***** LISTED RECORDS

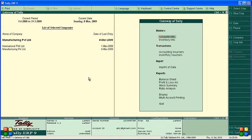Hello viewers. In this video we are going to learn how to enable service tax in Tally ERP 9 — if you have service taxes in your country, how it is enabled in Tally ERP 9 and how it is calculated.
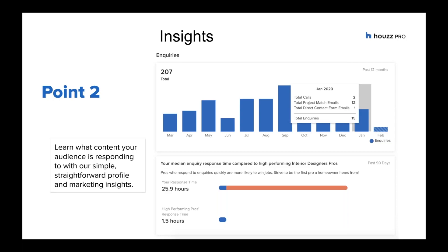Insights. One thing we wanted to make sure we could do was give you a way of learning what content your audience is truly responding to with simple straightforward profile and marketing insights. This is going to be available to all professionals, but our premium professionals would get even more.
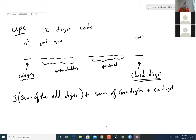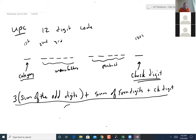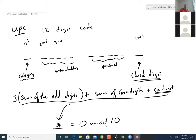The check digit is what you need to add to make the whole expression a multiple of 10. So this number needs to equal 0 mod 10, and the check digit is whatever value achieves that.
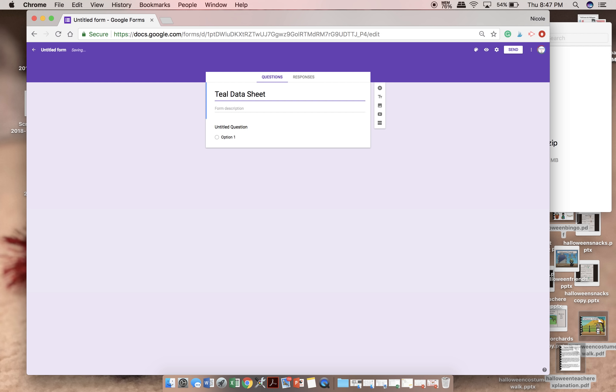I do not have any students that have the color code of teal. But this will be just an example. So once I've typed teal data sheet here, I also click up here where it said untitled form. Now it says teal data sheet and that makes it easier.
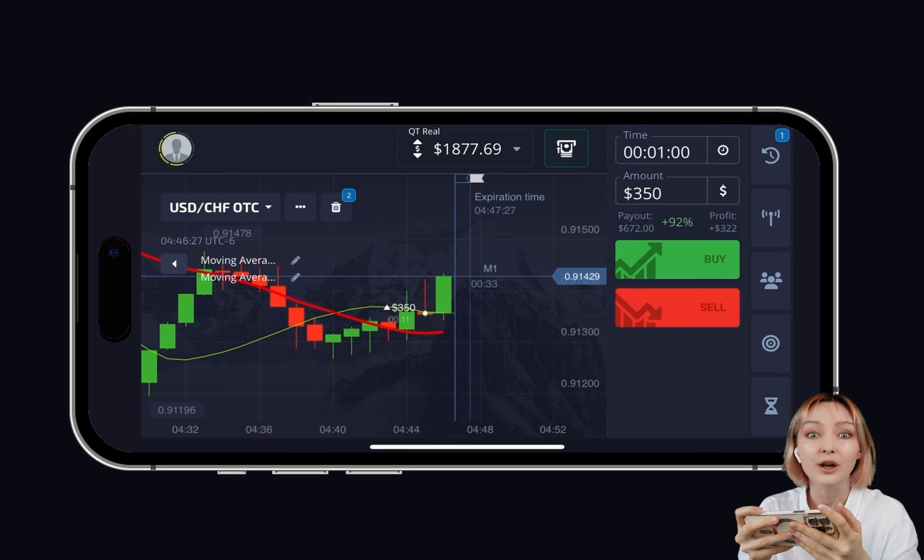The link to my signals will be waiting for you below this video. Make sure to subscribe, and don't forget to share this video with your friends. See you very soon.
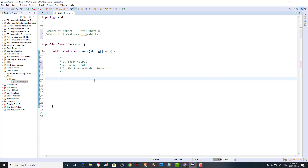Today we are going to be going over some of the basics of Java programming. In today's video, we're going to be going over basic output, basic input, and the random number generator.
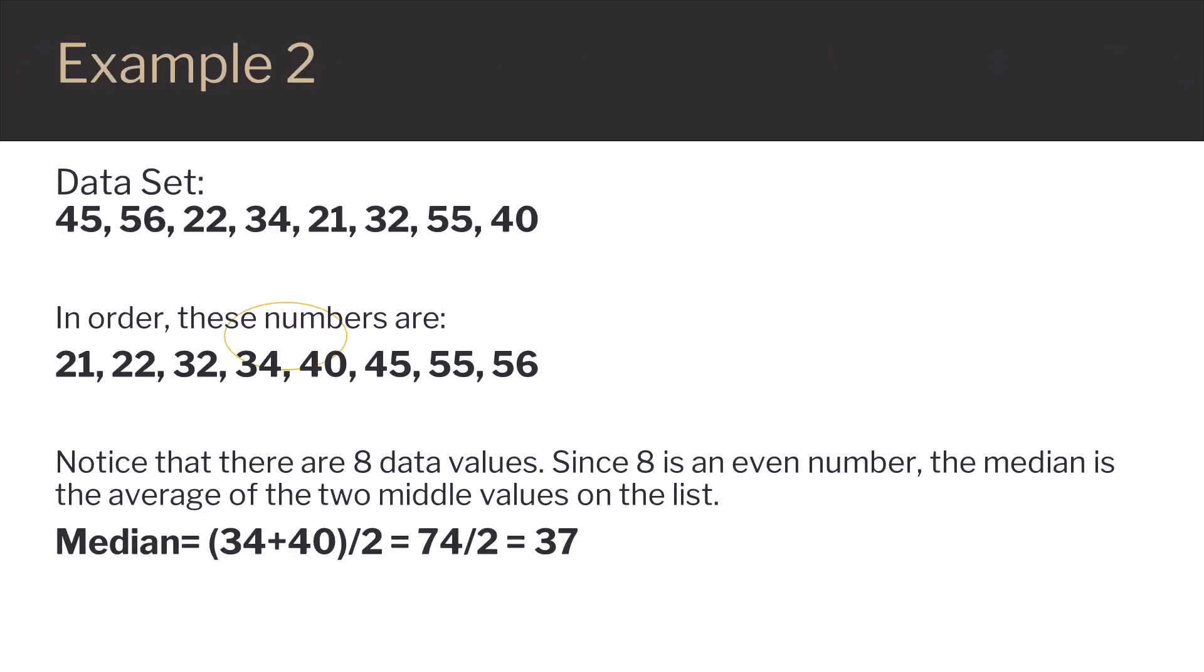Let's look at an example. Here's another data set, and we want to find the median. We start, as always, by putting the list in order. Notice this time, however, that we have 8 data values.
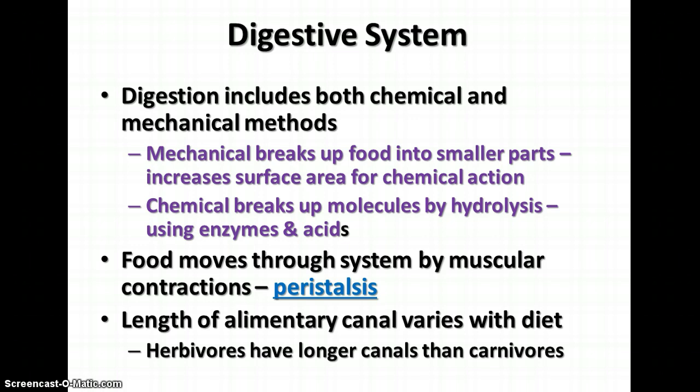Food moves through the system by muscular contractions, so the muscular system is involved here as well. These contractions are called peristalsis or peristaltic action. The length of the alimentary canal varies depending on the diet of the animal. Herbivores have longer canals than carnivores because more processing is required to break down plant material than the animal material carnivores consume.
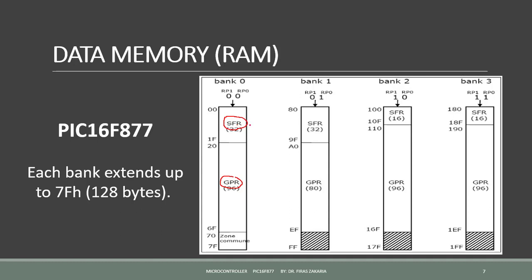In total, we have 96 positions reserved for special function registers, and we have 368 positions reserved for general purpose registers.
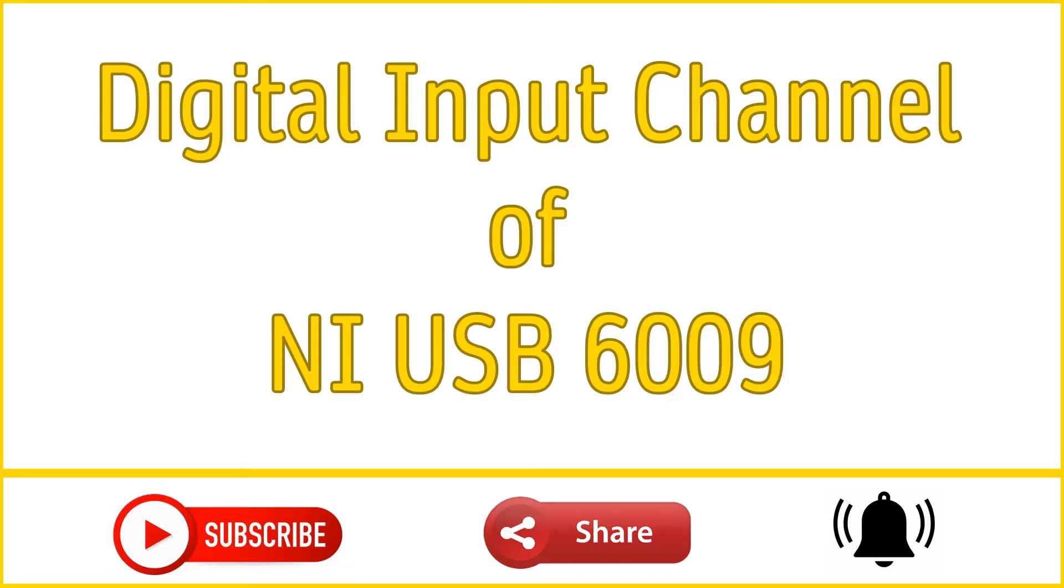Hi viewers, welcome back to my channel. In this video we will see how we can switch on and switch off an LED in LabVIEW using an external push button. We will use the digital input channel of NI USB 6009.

**********
***** LISTED RECORDS

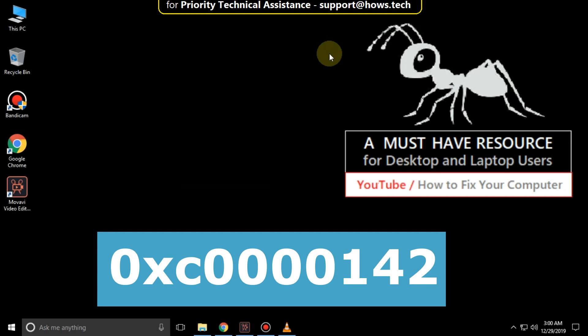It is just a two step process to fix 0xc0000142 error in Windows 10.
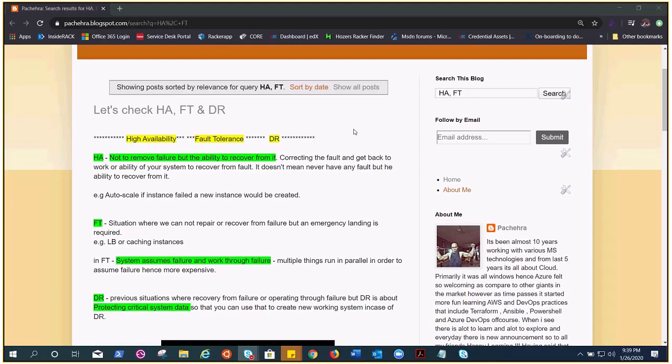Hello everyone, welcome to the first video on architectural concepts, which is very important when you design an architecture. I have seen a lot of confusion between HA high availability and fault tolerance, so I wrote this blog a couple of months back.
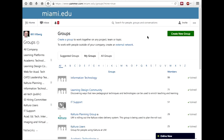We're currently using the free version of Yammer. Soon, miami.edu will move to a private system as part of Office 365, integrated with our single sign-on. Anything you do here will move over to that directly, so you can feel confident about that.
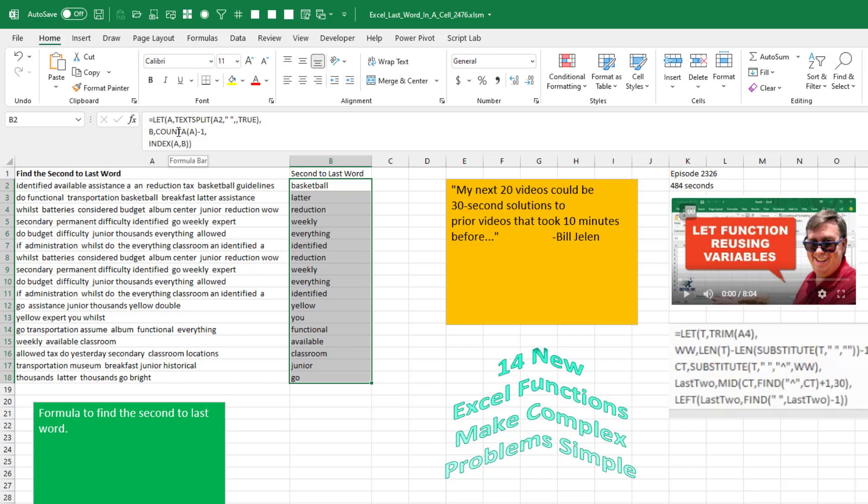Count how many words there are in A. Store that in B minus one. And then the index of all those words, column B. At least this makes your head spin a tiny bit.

**********

# WORK INSTRUCTIONS
Repeat exactly the stretch of the listing above that starts with the line holding "The check digit is what you" and finishes with the line holding "Food moves through", both included. Skip every picture.

# FINISHED TASK
The check digit is what you need to add to make the whole expression a multiple of 10. So this number needs to equal 0 mod 10, and the check digit is whatever value achieves that.
I do not have any students that have the color code of teal. But this will be just an example. So once I've typed teal data sheet here, I also click up here where it said untitled form. Now it says teal data sheet and that makes it easier.
The link to my signals will be waiting for you below this video. Make sure to subscribe, and don't forget to share this video with your friends. See you very soon.
Today we are going to be going over some of the basics of Java programming. In today's video, we're going to be going over basic output, basic input, and the random number generator.
Let's look at an example. Here's another data set, and we want to find the median. We start, as always, by putting the list in order. Notice this time, however, that we have 8 data values.
Food moves through the system by muscular contractions, so the muscular system is involved here as well. These contractions are called peristalsis or peristaltic action. The length of the alimentary canal varies depending on the diet of the animal. Herbivores have longer canals than carnivores because more processing is required to break down plant material than the animal material carnivores consume.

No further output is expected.